Those events showed one side of the Blair world-view: you pick your friends and you stand by them.

Blair’s next two wars, Kosovo and Sierra Leone, show the other side of Blair – the Gladstonian intervener. Kosovo saw Nato overcoming after considerable argument the old, cold war mentality of strategic compromise and non-interference. Sierra Leone provided a different lesson for him: the limits of international engagement, and the failure of the UN to meet its obligations, leading the former colonial power, the UK, to send in troops for a humanitarian purpose – to get rid of a very bad regime and replace it with a less bad one. “When people say: ‘Run an ethical foreign policy,’ I say Sierra Leone was an example of that,” Blair once said.

By mid-2000 Blair was at the pinnacle of his international powers. He was at the heart of European decision-making, his enthusiasm contrasting with weak governments in France and Germany. All around were centre-left administrations that looked to him for inspiration. As Clinton prepared to leave power, he came to London to urge Blair to get in with the president-elect (or not really elect), George W Bush.

Clinton gave his advice just over two years ago. It is something that has guided Blair ever since. It influenced his reaction to the events of 11 September and his role in the subsequent war in Afghanistan and the “war on terror”. It dictates his policy now towards Iraq. Blair believes Britain derives what authority it has in the world through its closeness to the US. Through it, and through it alone, we exercise a certain influence.

And what of the other side of Blair, the convinced multi-lateralist, the committed intervener? “We are witnessing the beginnings of a new doctrine of international community,” Blair proclaimed in his speech in Chicago in April 1999, his own foreign policy mission statement. Blair set out tangible and credible benchmarks for global action, saying: “We are all internationalists now, whether we like it or not.”

That was before the birth of the new world order and the new doctrine of pre-emptive attack conjured by Messrs Rumsfeld and Cheney. And yet, in conversations with me, Blair’s people remain convinced that they can marry the liberal interventionism of the late 1990s with the darker realities of global terrorism and Bush.

That is where Iraq comes in. And that is why Blair is at least as committed to military action as his ally in the White House. For Bush and the hawks, this war is about completing unfinished business and establishing a bridgehead of American values in a fundamentally hostile region. When Bush said in his State of the Union address last month that different problems required different solutions, he was distancing himself from his “axis of evil” speech the previous year, which appeared to presage an era of perpetual American military intervention. Even if the Iraqi war is successful in a narrow military sense – few allied casualties, an “acceptable” level of Iraqi deaths (whatever that means) and a speedy conclusion – Bush is likely to revert to his pre-9/11 persona. Nation-building and interventionism go against the grain.
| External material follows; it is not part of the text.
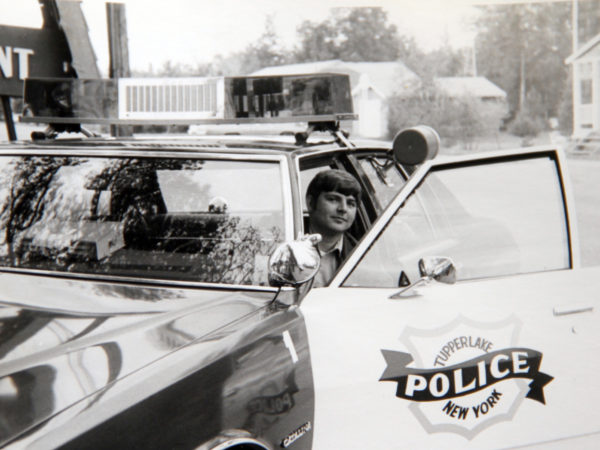 Officer Tom Proulx in a Tupper Lake Police Department vehicle in Tupper Lake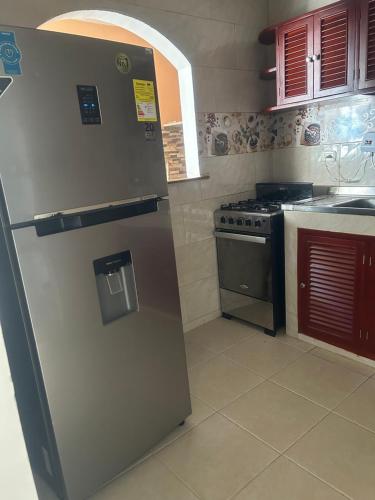 a kitchen with a refrigerator and a stove at Casa frente al centro comercial in Montería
For Blair, Iraq is about something else, something bigger. He will want to capitalise on it to “deal with” other transgressors, hence his alarmist recent reference to North Korea in the Commons. More vital to the Blair world-view, however, will be the need to demonstrate to the party and the British public a more “positive” agenda, post-Iraq.

Top of the list is a new engagement with the Israelis, and that is one of the reasons Blair looked so glum on his return from his talks with Bush in Washington on 1 February. The British government is getting nowhere with trying to influence the Americans to put the squeeze on Ariel Sharon. Blair knows that his honourable failure on this issue reinforces the view of a sceptical public in Britain that sees his relationship with Bush as one-way.

Credibility is Blair’s biggest problem. He needs to show that he influences the US, but cannot trumpet it, which leads many to doubt that he has it. He needs to show that when he gets passionate about tackling poverty from “the slums of Gaza to the mountains of Afghanistan”, he really means it and he really can do something about it. He needs to demonstrate that when he worries about Saddam’s human rights record, he is equally exercised by the records of others.

After the debacle of its PhD dossier, the Blair spin machine might have enjoyed some moments of light relief, seeing the tabloids denounce the treachery of the French and Germans. But the wiser heads around the PM know that the redrawing of the map of Europe into “old” and “new” is a figment of Donald Rumsfeld’s imagination. Once the Americans withdraw and leave peacemaking in a shattered Iraq to the rest of the international community, Europe will be required to work together again.

As for Blair himself, a “good” war will leave him feeling vindicated. But his people know that the glow of victory will not last long. Nobody doubts that, as the world’s only superpower, the US should be able to win any war against a country such as Iraq with ease. And nobody doubts that when the next foe appears on America’s radar screen, Blair will be there, with Britain’s smaller forces, as ever, at the ready.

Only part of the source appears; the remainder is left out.